● **How to complete this task**
The entries below contain pictures, which are to be left out; write out exactly, and only, the lines from the line with "A statue of" up to and including the line with "a view of a house with swimming pool".

● **Data supplied**
·····
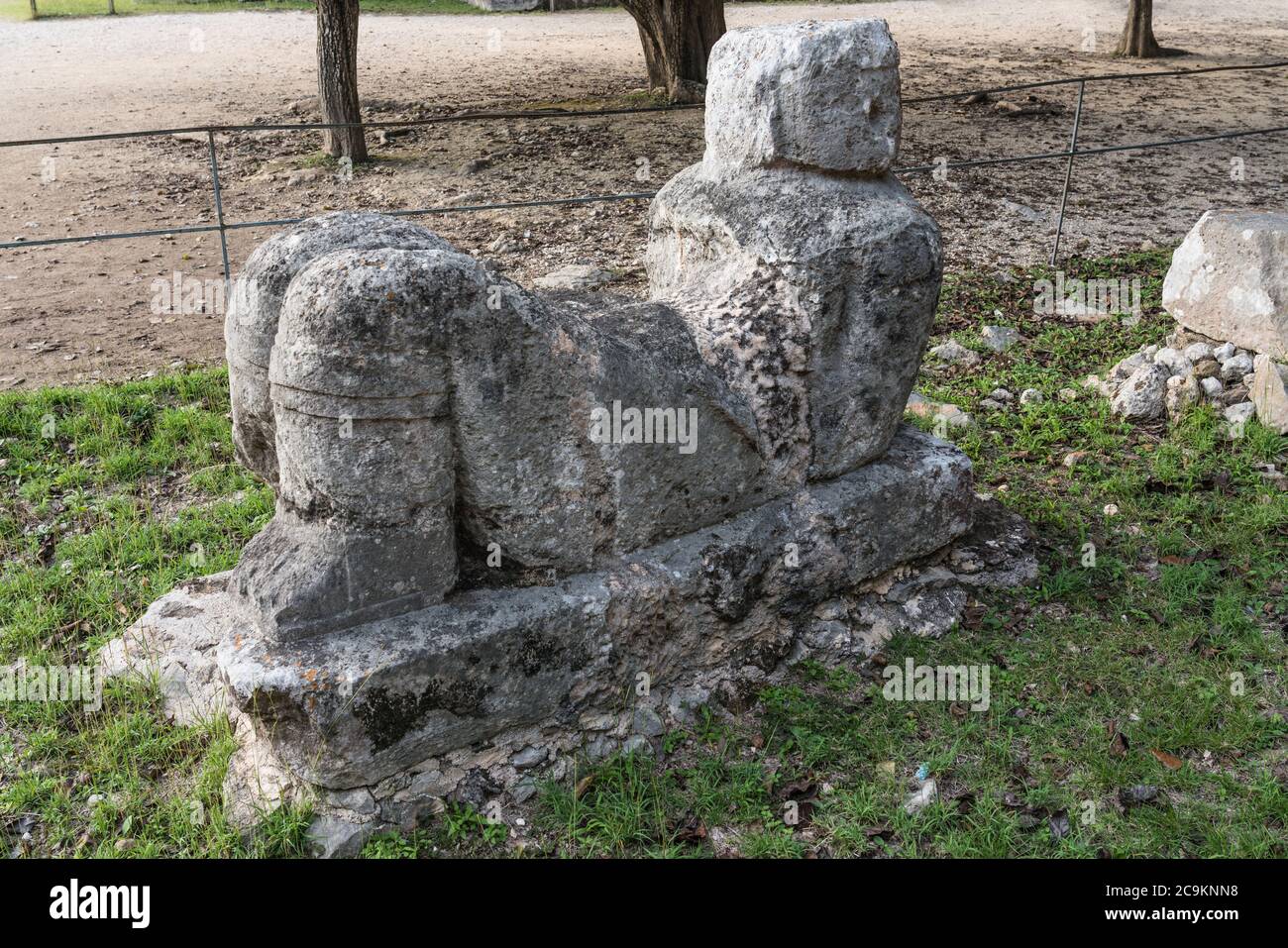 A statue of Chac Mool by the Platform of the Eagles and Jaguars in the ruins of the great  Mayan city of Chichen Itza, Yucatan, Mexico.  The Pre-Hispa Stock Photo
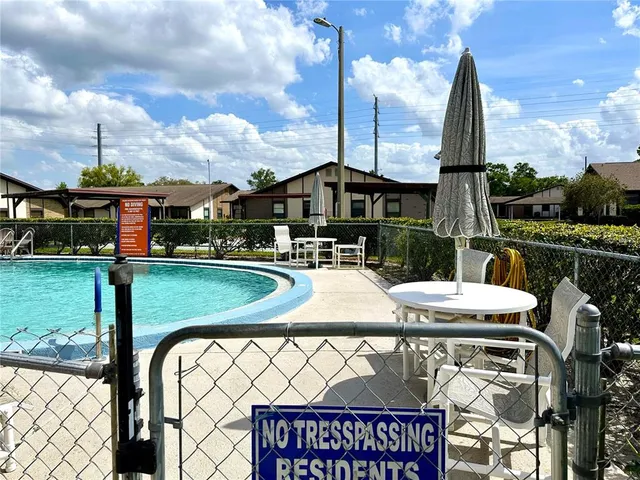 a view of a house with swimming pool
·····
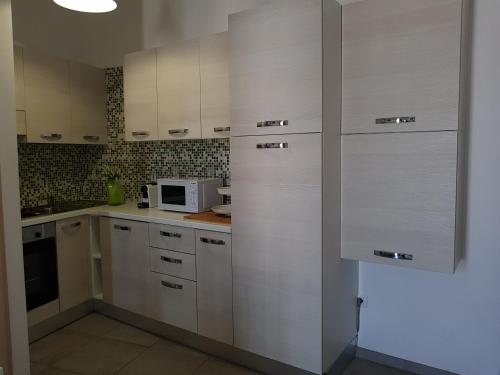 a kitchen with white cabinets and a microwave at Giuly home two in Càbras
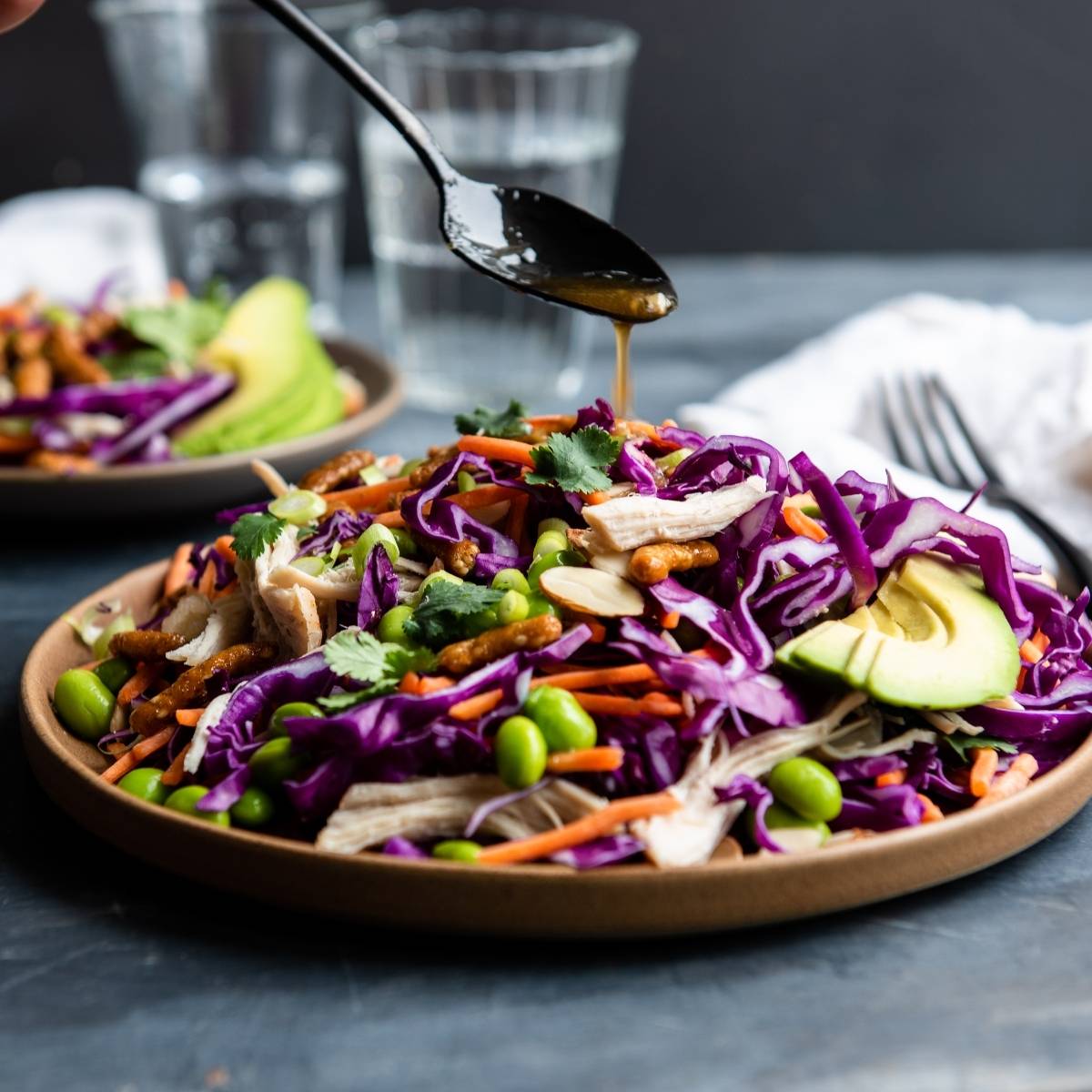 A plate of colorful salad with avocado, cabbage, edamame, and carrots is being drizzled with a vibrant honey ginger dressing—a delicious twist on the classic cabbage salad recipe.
·····
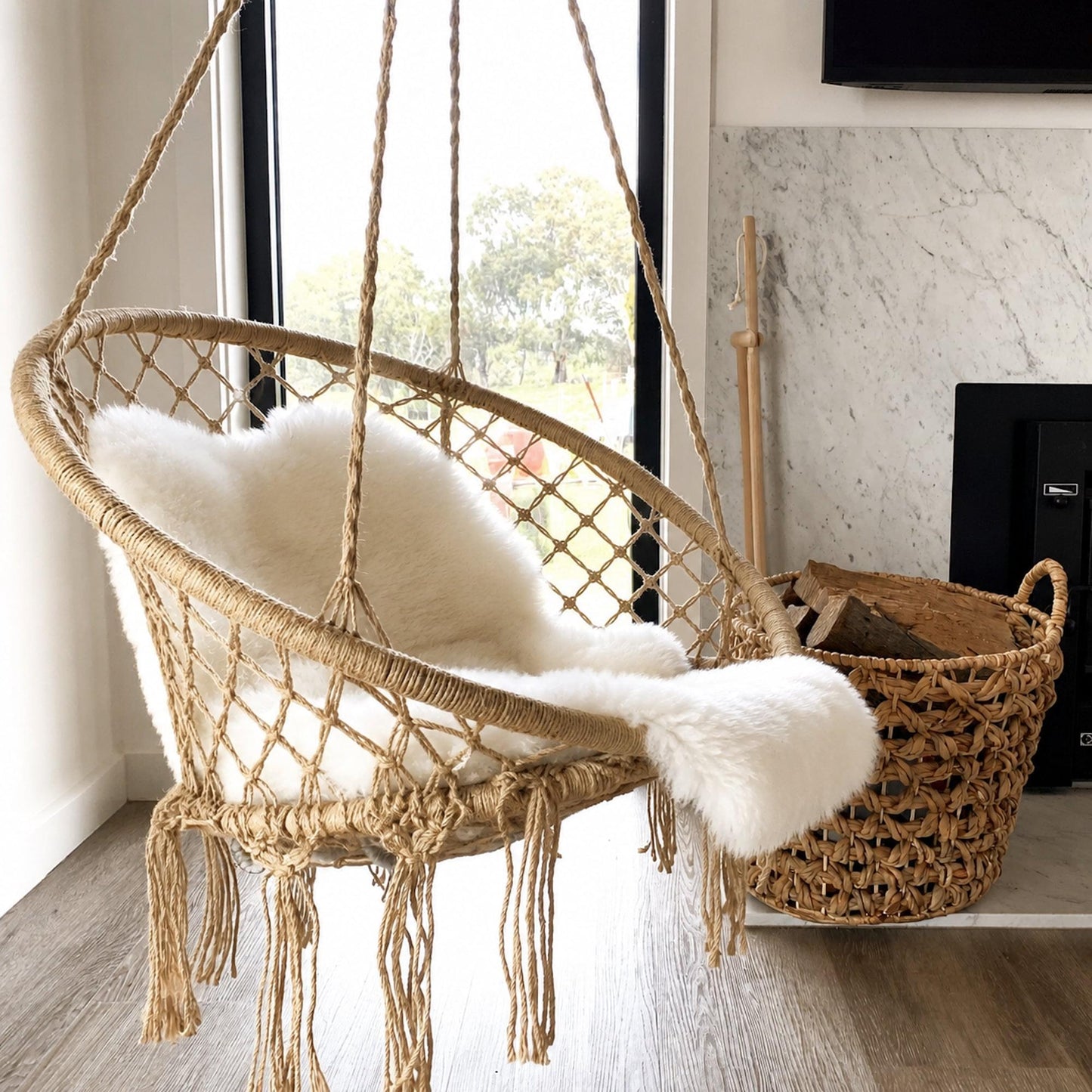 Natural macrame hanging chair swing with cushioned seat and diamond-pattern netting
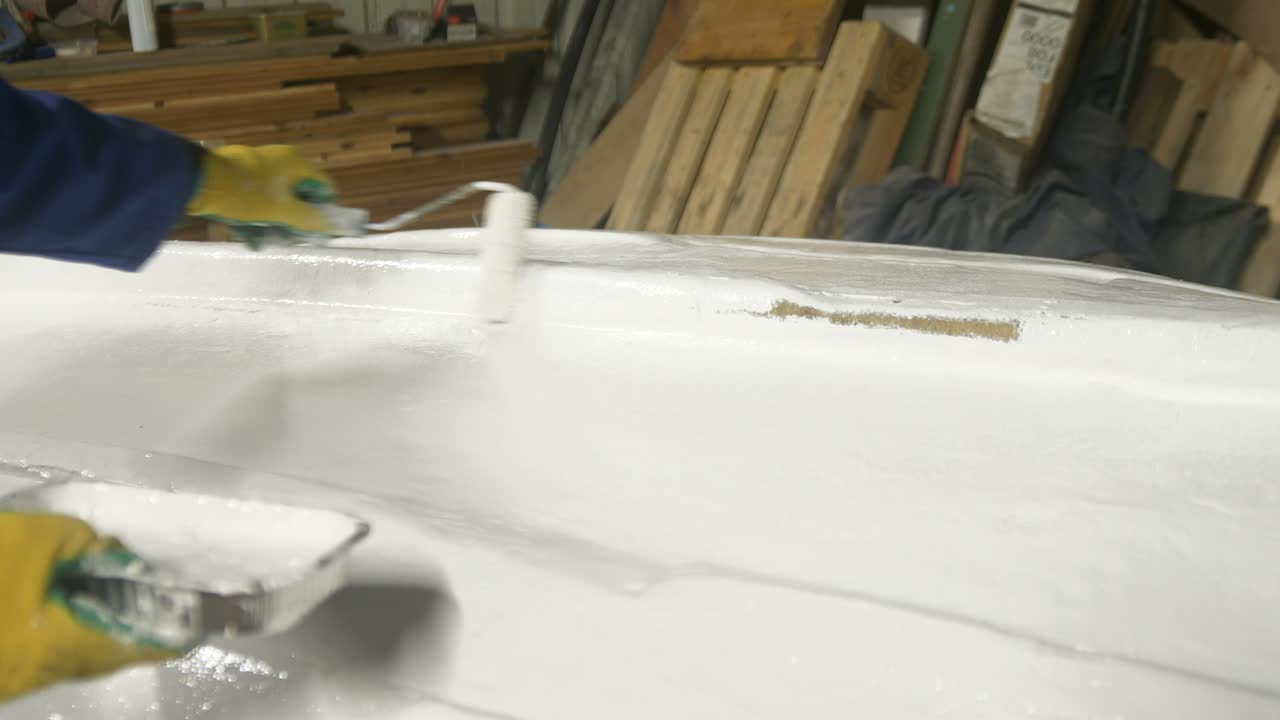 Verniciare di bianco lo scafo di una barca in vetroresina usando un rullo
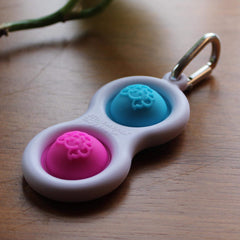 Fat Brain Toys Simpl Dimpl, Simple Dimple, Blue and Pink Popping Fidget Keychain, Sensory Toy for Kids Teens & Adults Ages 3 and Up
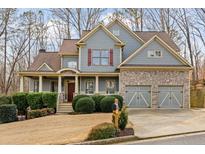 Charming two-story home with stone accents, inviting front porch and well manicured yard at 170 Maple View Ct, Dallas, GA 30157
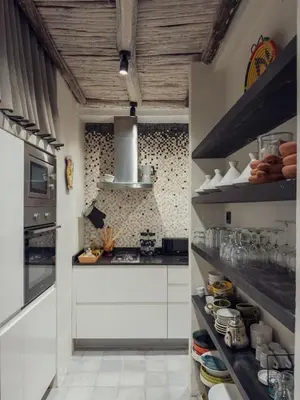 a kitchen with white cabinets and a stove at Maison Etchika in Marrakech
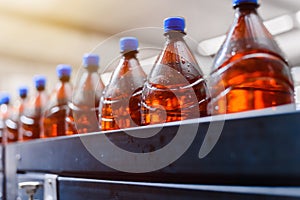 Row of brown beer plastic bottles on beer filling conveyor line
·····
● **Answer section**
 A statue of Chac Mool by the Platform of the Eagles and Jaguars in the ruins of the great  Mayan city of Chichen Itza, Yucatan, Mexico.  The Pre-Hispa Stock Photo
 a view of a house with swimming pool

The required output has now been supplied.